Der Lebensmittelpunkt der Familie Schlotter lag bis 1945 in Hildesheim. Hier wurde schon Eberhards Vater Heinrich Schlotter geboren (16. 6. 1886), der nach bestandener Gesellenprüfung in Berlin studieren durfte. Als er 1918 Irene Noack aus Eldingen kennenlernte, kehrte er nach Hildesheim zurück. Die Kleinstadt war jedoch ein undankbarer Ort für einen jungen Künstler. Der Mangel an Aufträgen führte zu den ärmlichen Verhältnissen, in denen Eberhard Schlotter mit seinen drei jüngeren Geschwistern aufwuchs. Doch sein Vater unterrichtete ihn früh im Zeichnen und die Wohnung füllte sich mit Kunstzeitschriften. Hildesheim wurde für Eberhard Schlotter der erste Hort der Kunst. Die Lüneburger Heide hingegen, Heimat seiner Mutter, war ein geheimnisumwobener Ort, an den es ihn zeitlebens hinzog:
Als Kinder waren wir immer in den Sommerferien in der Heide, und ich erinnere ich noch schwach an die verfallene alte Kate mit den schiefen Balken, den rostigen Gegenständen, die herum lagen, ein paar leere Bienenkörbe, die Leiter mit den zerbrochenen Sprossen in einem Apfelbaum mit trockenen Ästen und deutlich die beiden Raben, die sich ärgerten über unsere Neugier: „go wekk, go wekk“ – und dann wie ein Echo: “en Ruhe laten, slapen laten!“
Wie sein Vater durfte auch Eberhard nach bestandener Gesellenprüfung 1939 Kunst studieren und bewarb sich erfolgreich an der Akademie in München. Doch schon 1941 musste er in den Krieg ziehen. Während des Krieges lernte er Dorothea von der Leyen aus Darmstadt kennen, heiratete sie und zog mit ihr nach dem Krieg in ihre Heimatstadt. Dort etablierte er sich äußerst gut, wurde Vorsitzender der Neuen Darmstädter Sezession und konnte so 1955 dem in Not geratenen Schriftsteller Arno Schmidt Hilfe gewähren. Er bot an, den Dichter zunächst bei sich aufzunehmen und sich in Ruhe nach einem dauerhaften Wohnsitz umzusehen.

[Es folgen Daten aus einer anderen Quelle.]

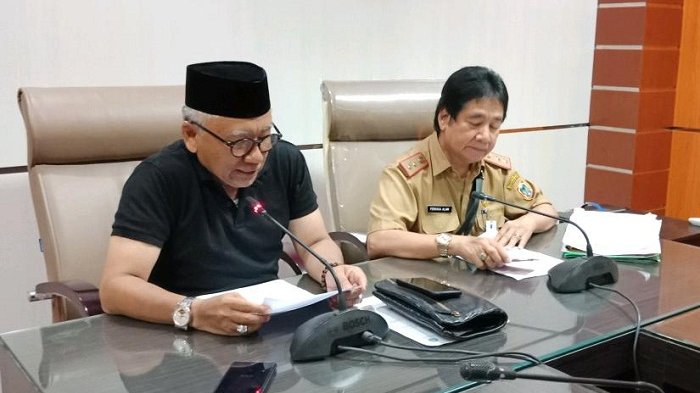 328 Formasi CPNS di Pemprov Kalsel, Terbanyak Formasi Guru Pendidikan 212 Orang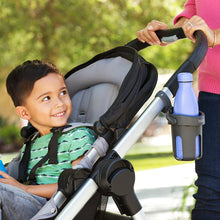 Load image into Gallery viewer, Munchkin Brica Drink Pod Stroller Drink Holder, Grey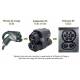 Adaptador / Convertidor Cargador DC CCS1 a CCS2 (Combo 1 a Combo 2) Vehiculos EV / PHEV - CMall ENERGY CME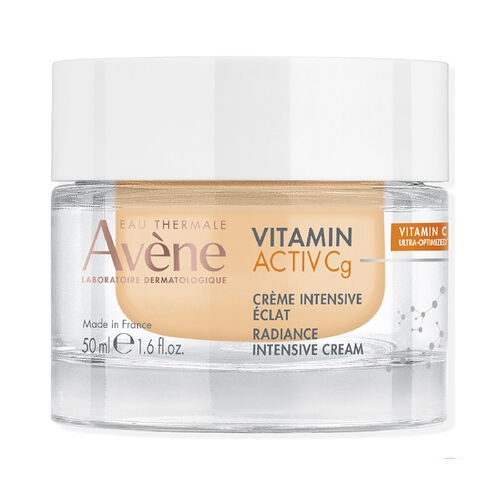 Avene Vitamin Activ Cg Radiance Cream 50 ml - Antioxidant Boost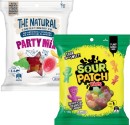 The-Natural-Confectionery-Co-130230g-Sour-Patch-Kids-Bag-190g-or-Pascall-Lollies-150300g-Selected-Varieties Sale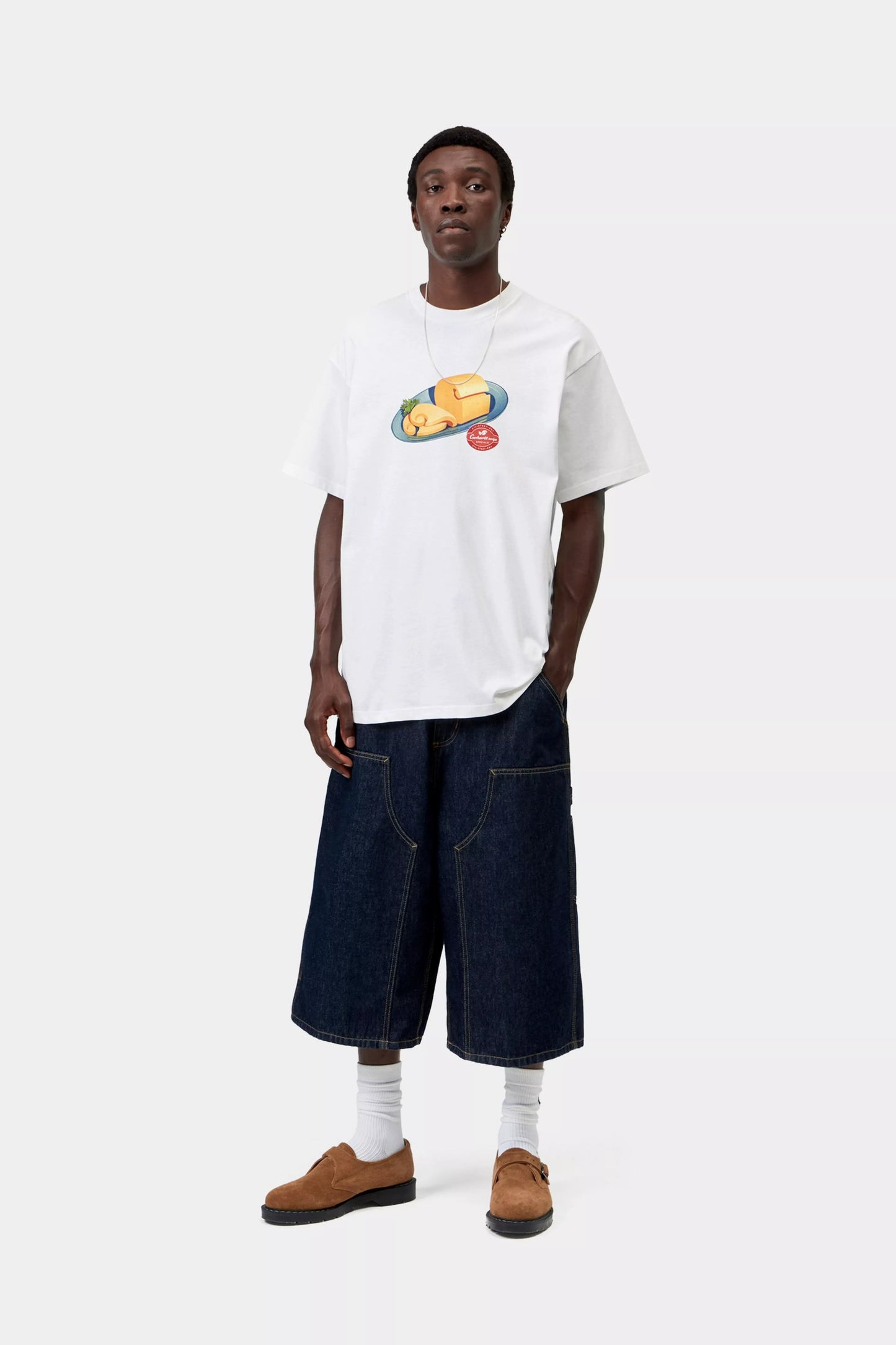 CARHARTT WIP - FROMAGE T-SHIRT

Schmidt wünschte sich Abgeschiedenheit. Schlotter suchte daher in der Heide nach einem Haus. Seit 1945 lebten Schlotters Eltern in Bargfeld, weil das Hildesheimer Haus durch Bomben vollkommen zerstört worden war, und in der Nähe fand Eberhard Schlotter das ideale Haus für Schmidt. Solange Arno Schmidt lebte, besuchte Schlotter ihn jedes Jahr und verband damit auch seine Familienbesuche in Celle (wo zwei seiner Geschwister lebten), obwohl er selbst in Darmstadt blieb und seit 1960 den Winter über in Spanien lebte.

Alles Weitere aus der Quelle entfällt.